Zero-Day Team Launches with Emergency IE Patch
Holy Mother of Thor writes to mention an eWeek article about a third-party patch for Internet Explorer. A dark horse security group formed after the WMF attacks in late 2005, the ZERT (Zero Day Emergency Response Team) has released a patch to attempt to slow the malware attacks on Windows. From the article: "'It is clear that we are dealing with an underground group of people who are writing exploits for profits. They are waiting for Patch Tuesday to pass, then it becomes Exploit Wednesday. We're seeing these zero-days in the wild, timed precisely to guarantee at least an entire month to spread,' Stewart said in an interview with eWEEK. Stewart, who is volunteering his reverse-engineering skills and time to ZERT in his private capacity, wrote an early version of the VML (Vector Markup Language) patch the group released Sept. 22 and worked closely with others to fine-tune the update to minimize potential glitches."
but it didn't have anything to do with DRM
Summation 2
There is no superior technology or anything that would help to make Firefox inherently more secure.
Uh, not quite.
MSIE was rewritten in the mid 1990s so that core modules became an integral part of the Windows OS. It is generally recognized that maintaining a wall between OS and app is good engineering, partly because it avoids many difficult security issues.
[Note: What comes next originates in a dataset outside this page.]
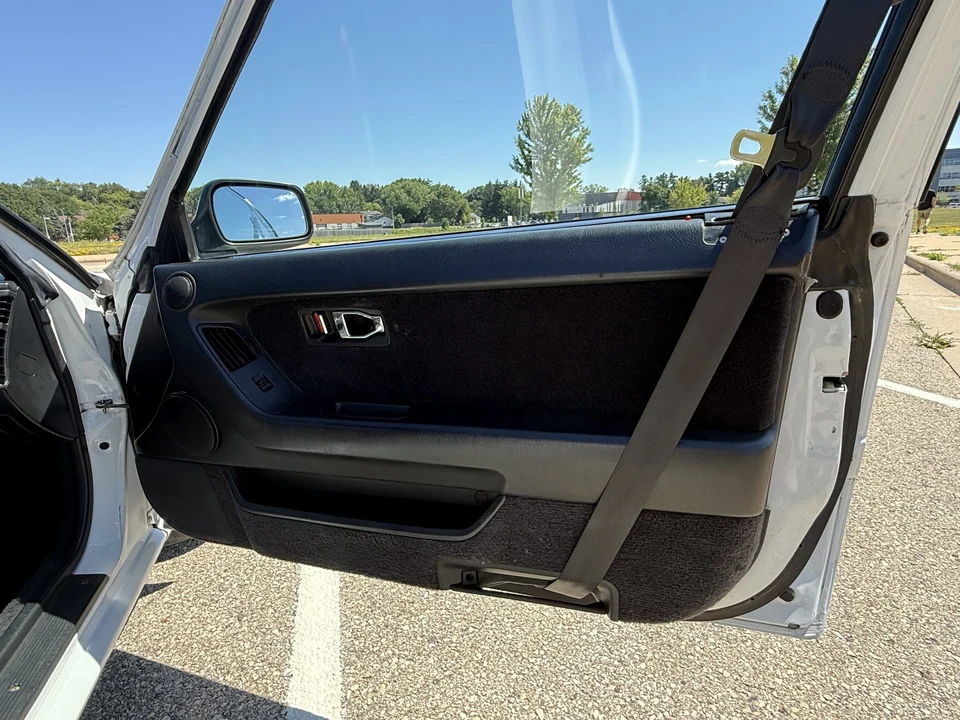 1990 Honda Prelude 3rd Gen - Image 27 of 31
This is especially true when the application is an interface to the outside world that by nature cannot be secured, like a browser. MS in its wisdom determined that the immediate courtroom benefits of knocking that wall down outweighed the security and maintenance concerns. This was a central part of their defense strategy against lawsuits brought by Netscape and others.
So yes, Firefox's implementation of the available technology is inherently more secure. Firefox preserves the wall between itself and the OS, and is not a superhighway into the core of the OS, the way today's MSIE is.